States also continue to interpret what it means to be a marketplace facilitator. As noted above, if a marketplace is deemed to be a marketplace facilitator, it is responsible for the collection and remittance of sales tax on all sales transacted on its marketplace platform. Third party marketplace sales are projected to account for 59% of all global ecommerce and 38% of all global retial sales growth by 2027. [see Edge by Ascential, 2022 Future of Marketplaces Report, by (Nov 17, 2022); see also, Marketplaces, “Third-party marketplace sales to account for 59% of all global ecommerce by 2027”, by Paul Skeldon (27 Jul 2022). States adopted these marketplace definitions in an effort to “cast a wide net” and ensure that companies such as Amazon and eBay would be required to collect and remit sales tax on all sales transacted on their platforms. However, the unintended consequence is that neither states nor marketplaces are confident as to what constitutes a marketplace facilitator or whether marketplaces are meeting their obligations relative to their platform’s sales.
In 2022, we experience increased audit activities from states (in particular Texas, Illinois, Wisconsin, New York and D.C.) around these issues, and we expect this to continue. As such, 2023 is also the year in which state sales tax audit divisions will contact registered taxpayers to verify compliance, and to verify that taxpayers registered when they first triggered economic nexus in the state. Many taxpayers registered in several states subsequent to crossing the states’ economic nexus threshold – most typically because they adopted a “wit and see” approach to see what competitors would do, or what would come of the post-Wayfair landscape, or due to sheer ignorance of these obligations.

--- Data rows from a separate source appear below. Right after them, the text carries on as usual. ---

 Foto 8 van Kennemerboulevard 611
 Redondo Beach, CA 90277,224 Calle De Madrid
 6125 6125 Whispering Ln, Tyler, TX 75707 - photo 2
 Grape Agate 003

State sales tax auditors see this as “low-hanging fruit”, that they can pluck simply by verifying that the taxpayers’ sales tax account start dates are accurate relative to sales and the economic nexus threshold.

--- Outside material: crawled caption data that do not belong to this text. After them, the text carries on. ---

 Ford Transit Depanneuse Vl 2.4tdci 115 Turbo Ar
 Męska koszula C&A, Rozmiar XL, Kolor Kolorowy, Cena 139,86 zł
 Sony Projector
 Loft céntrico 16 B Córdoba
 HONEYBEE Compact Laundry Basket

States also see the audit as a means of verifying that taxpayers’ exempt sales (eg, sales for resale, sales to exempt entities) are supported by valid exemption certificates. This typically proves problematic for parties to drop-shipment transactions, either because they lack documentation, or they lack the appropriate resale certificates acceptable to the state on audit.
it is critical for sellers to routinely monitor their sales to ensure that they are properly coded as taxable
As states continue to expand their sales tax base – particularly through informal policy changes and interpretations of existing laws – it is critical for sellers to routinely monitor their sales to ensure that they are properly coded as taxable. This is particularly true for sellers of digital goods and services and Software As a Service (SAAS), such as online subscription-based gaming, information and website platform-driven consumer tools. In addition, as more businesses have permitted employees to work from home during the pandemic, or have hired employees in additional states - even those employees in a non-sales, administrative capacity - these companies have unintentionally expanded their sales tax nexus footprint, necessitating the need for increased sales tax compliance.
It is imperative that companies proactively seek the regular guidance and input of experienced sales tax professionals, not only to ensure that they are registered in each state in which they have nexus, but also to ensure that they are compliant with the ever-changing sales tax laws. Companies should routinely review their sales tax nexus, sales tax decision matrices, sales tax automation mapping, certificate management, and proactively address historical compliance gaps to minimize sales tax audit exposure risk.